I wonder how many of us grew up to be something different from our basic nature. When I was a kid, and was allowed to run and play (I’d had rheumatic fever so for a few years of my childhood, I was kept pretty quiet), I did it with a vengeance. I practiced baseball alone in my backyard for hours every day — throwing the ball up, hitting it and chasing after it. I loved the game. I loved running, hurdles, and high jumping. I loved riding my bike. I loved going as fast as I could go everywhere. I loved sledding narrow paths with sharp curves. I ran a 59 second quarter mile when I was 13.
Even after I grew up, I never stopped moving. For years I ran the dusty trails of a San Diego urban wilderness park. On mountain bike rides I’d cruise down a hill thinking, “This is like skiing!”

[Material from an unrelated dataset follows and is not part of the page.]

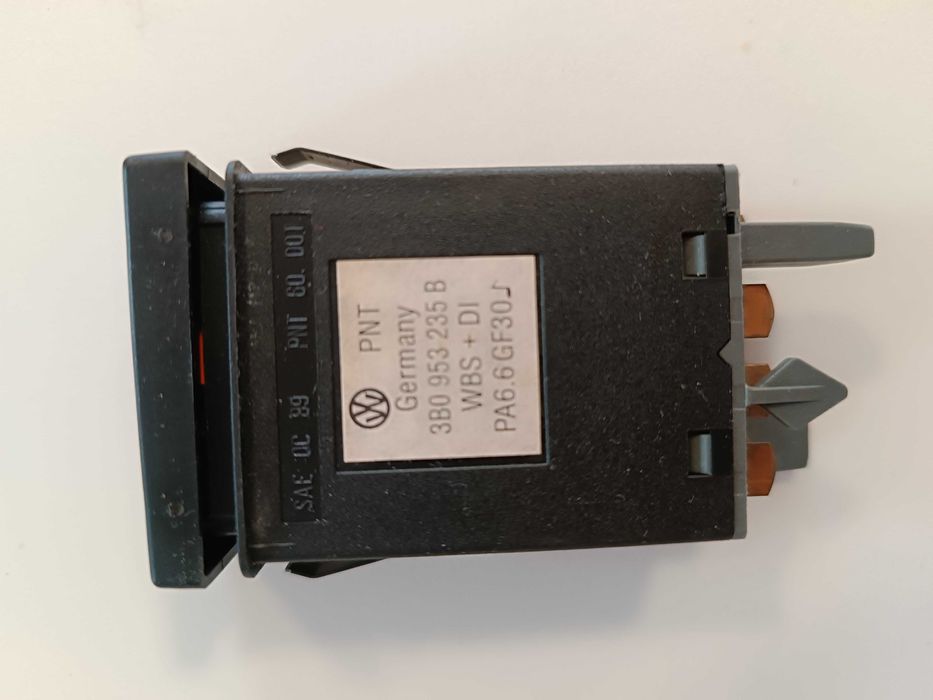 Comutator lumini avarie VW Passat B5/B5.5 1996-2005 cu releu integrat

I don’t think my nurturers, well, the dominant, female nurturer, anyway, ever looked up to see what her daughter was actually doing. I think parents need to pay attention to what their children DO on their own time of their own free will and if it’s a good thing, they should get behind it. When I was a kid, there were few opportunities for girls in sports, anyway. I don’t think most parents commonly saw it as a direction for their daughters other than, maybe, gymnastics or figure skating. I ended up kind of lost inside and not fitting in outside. My whole career — which I loved — I had the feeling I was out of place. If I’d paid attention, there were many junctions in my life when I could have changed course.
I’m not whining or blaming my parents. My life has also had lots of circumstances that I could not have turned away from easily and also made it difficult for me to see exactly what I did love. But next time, I’m paying better attention. 🙂
6 thoughts on “Next Time”
Way before “gifted” programs existed my (much) older brother and I were put through a series of tests and pronounced “genius level.” Upon hearing the results, my mother turned to me and pronounced “David is the REAL smart one,” despite our test scores being identical. We are products of our time and place…
Exactly the same story in my family. “You’re not that smart. Your brother is the truly smart one.” I am pretty sure our scores were close if not the same. I get it now; she was getting me ready for wifedom and motherhood. We are definitely products of our time and place. I was such a good ball player — and all around athlete — that though I couldn’t play on my brother’s baseball team, the coach said, “Get Kennedy’s sister in here to hit balls for fielding practice.” We are certainly the products of our time and place AND the time and place our parents believe will last forever.
I just did everything that was expected of me, but mum and dad just let me get on with it. No pronounced encouragements, or do you homework. I did it in any case, but to be quite honest I would have appreciated some interest being taken in what I was doing. They did not see to realise that it was part of growin up to be told. Others would be glad to have no moaning from the partents, I missed it a little.
Yeah. My mom never praised me for anything except cleaning the kitchen. My dad encouraged me in anything I did, but by the time I was at the point of making decisions and taking direction in my life, he was pretty much out of the picture. Now I think back on his advice and realize he was completely right. I didn’t follow it.
I guess I was lucky. I wanted to be a writer. I became a writer. Not quite the writer I expected to be, but someone who earned a decent living writing. In our generations, that was pretty good.